▶ [Work to complete]:
How do the lines below between the ones holding "Matbuot radio televideniye" and "Floral Tulle Dress & Headband Sage", inclusive, read? Give them again exactly, with no other lines.

▶ [Data excerpts]:
↓↓↓

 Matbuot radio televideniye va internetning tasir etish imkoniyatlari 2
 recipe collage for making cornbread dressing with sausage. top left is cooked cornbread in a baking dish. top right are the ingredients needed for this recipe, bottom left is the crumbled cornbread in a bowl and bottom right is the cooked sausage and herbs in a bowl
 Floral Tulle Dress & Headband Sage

↑↑↑
↓↓↓

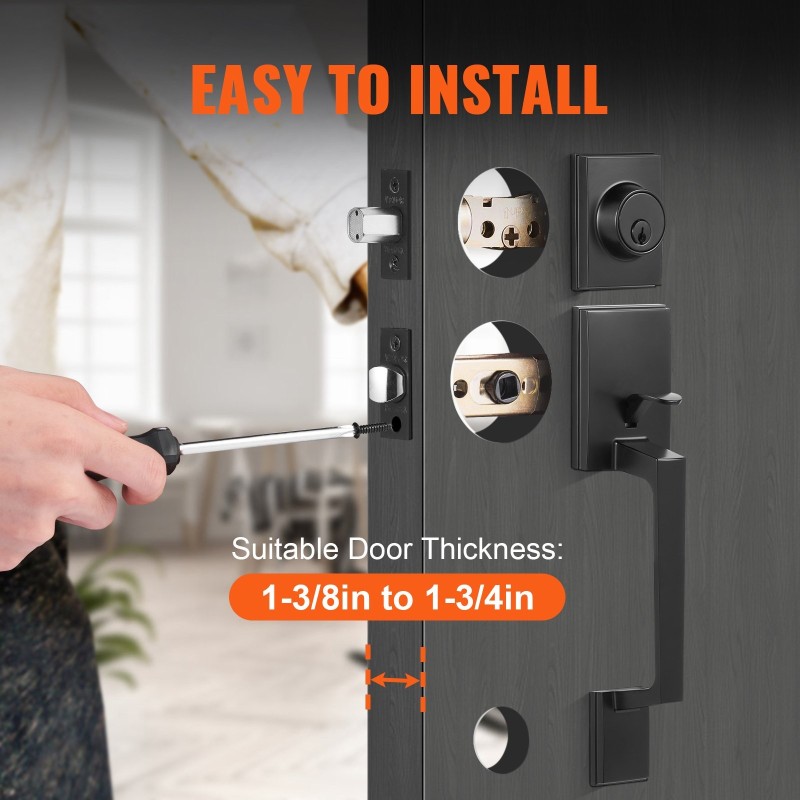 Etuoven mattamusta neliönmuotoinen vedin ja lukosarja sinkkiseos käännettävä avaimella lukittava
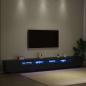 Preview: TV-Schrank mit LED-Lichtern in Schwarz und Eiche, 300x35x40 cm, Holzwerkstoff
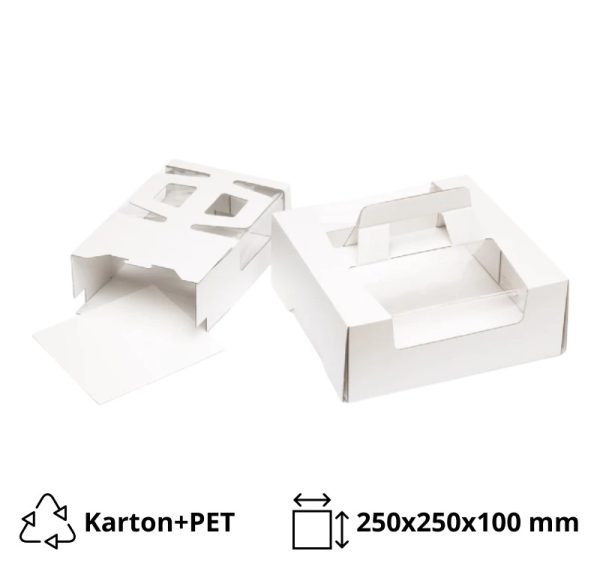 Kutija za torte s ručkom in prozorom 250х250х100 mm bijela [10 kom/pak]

↑↑↑

▶ [Response to this task]:
 Matbuot radio televideniye va internetning tasir etish imkoniyatlari 2
 recipe collage for making cornbread dressing with sausage. top left is cooked cornbread in a baking dish. top right are the ingredients needed for this recipe, bottom left is the crumbled cornbread in a bowl and bottom right is the cooked sausage and herbs in a bowl
 Floral Tulle Dress & Headband Sage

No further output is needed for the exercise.